Toda esta sucesión de nombres, incorporados a la realidad de lo cotidiano en relación con los roles de género, resulta torpe, pueril y fuera de cualquier sistema de valores. Celia Fernández (El País Semanal), se preguntaba si al aceptar su utilización “feminizando a una máquina para humanizarla, lo único que se consigue es cosificar aún más a la mujer”. Cuando los laboratorios que crean y gestionan estas herramientas intentan justificar la toma de decisiones mediante argumentos poco consistentes, lo único que consiguen es ignorar a la mitad del mundo. Aun así, algunos tecnólogos como Karl F. MacDorman, de la Universidad de Indianápolis, refieren que el uso y venta de sus productos bajo ese paraguas de sesgo femenino, no es sino la constatación de que” las mujeres han estado tradicionalmente en una posición de crianza y de cuidadoras, de responder a preguntas y peticiones, y los laboratorios no hacen sino reproducir esos sistemas de valores”. ¿Es este un buen argumento?

Nosotros pensamos que no. La realidad es que los puestos de trabajo en el ámbito del Big Data, y el diseño de algoritmos en inteligencia artificial, están copados, en su mayoría, por hombres. Eso sí, son blancos, formados en las élites de los College de Londres, Boston o Sídney, con familias que controlan buena parte del PIB de la economía de nuestro entorno. Solo el 26% de estos puestos están ocupados por mujeres, ninguna con responsabilidades directivas (datos del Foro Económico Mundial. 2020). ¿Nos estamos perdiendo algo?
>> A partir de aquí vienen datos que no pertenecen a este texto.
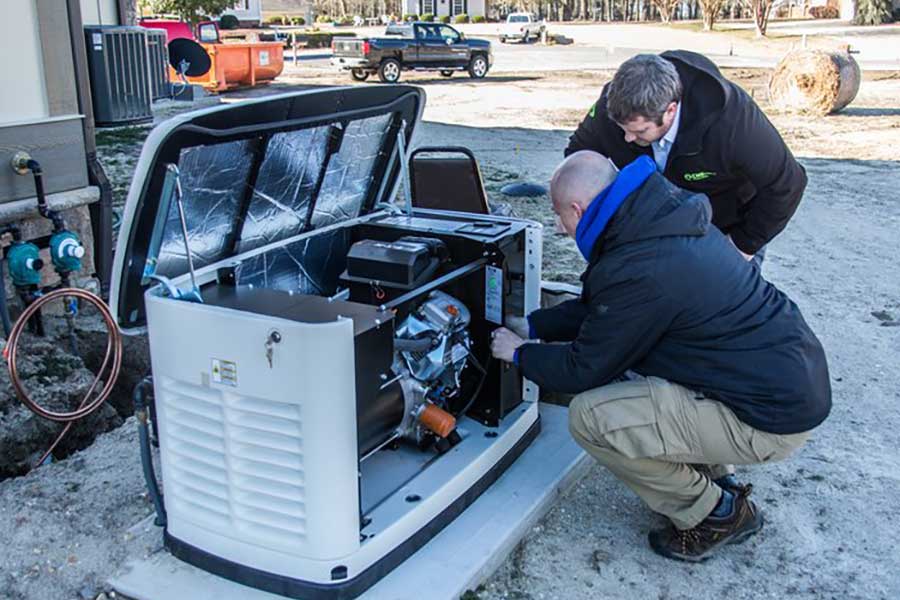 Electricians servicing a standby generator during installation in Clayton, NC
Resulta evidente que existe una sobrerrepresentación de hombres, la mayoría jóvenes entre 25 y 35 años que codifican todo tipo de estereotipos, arraigados en una cultura misógina y sexista, heredada durante siglos de generación en generación. O, dicho de otra manera, como señala Eleonore Fournier-Tombs (investigadora de IA de Naciones Unidas), “en tecnología hay dos tipos de sesgos: los que se reproducen porque la inteligencia artificial bebe de textos que ya están estereotipados – y no se filtran -, y los que se codifican intencionadamente.” No inventamos nada si decimos que las personas aprenden sobre comportamientos y normas sociales a través de su interacción con el medio, ya sea familiar, social o laboral, y todo ello dependerá, en gran medida, de la cantidad de veces que se vean expuestas a ellos. Si un niño o una niña escucha o visualiza que, en su entorno, las órdenes domésticas o los cuidados siempre van dirigidos hacia una mujer, entonces los vínculos con ese sesgo echarán raíces en su desarrollo como persona y crecerá en ellos una ambigua relación de amor y de odio no siempre bien resuelta.

No es de extrañar que, ante la codificación intencionada de los algoritmos, que se asemeja a la prueba un delito, surjan nuevos usuarios que ven en esta falta de ética y de usura, un motivo más para desconfiar de un uso que cada día impone nuevas reglas y códigos. Ahora son estos usuarios, convertidos en “mercenarios de los algoritmos”, los que intentan desafiar a las empresas tecnológicas burlando el uso de términos o de vocablos por un neolenguaje adoptado por comunidades antisistema, grupos neofascistas, negacionistas, terraplanistas, antivacunas, grupos religiosos, antiabortistas o defensores de las armas, que en la práctica extienden sus memes por las RRSS favoreciendo la circulación de noticias falsas o publicaciones tóxicas que se consumen a diario frente a la desidia, la indiferencia y la cómoda ignorancia de una población cada vez más encerrada en una burbuja virtual que transmite por streaming la miseria de los campos de refugiados, donde se hacinan miles de seres en busca de una historia que ya no les pertenece, o las casas abandonadas por las bombas en algún barrio de Zaporiyia, donde aún cuelgan de las paredes las fotos de los abuelos.

A veces voy caminando por la calle, con las manos metidas en los bolsillos y la mirada puesta en los escaparates que me devuelven la imagen difuminada, casi evanescente, y me inunda una extraña sensación de que soy el holograma de un maldito boomer, y que hasta ahora nadie me había dicho nada.

Ahora entiendo por qué mi perro se esconde cada vez que intento ponerle la correa de paseo.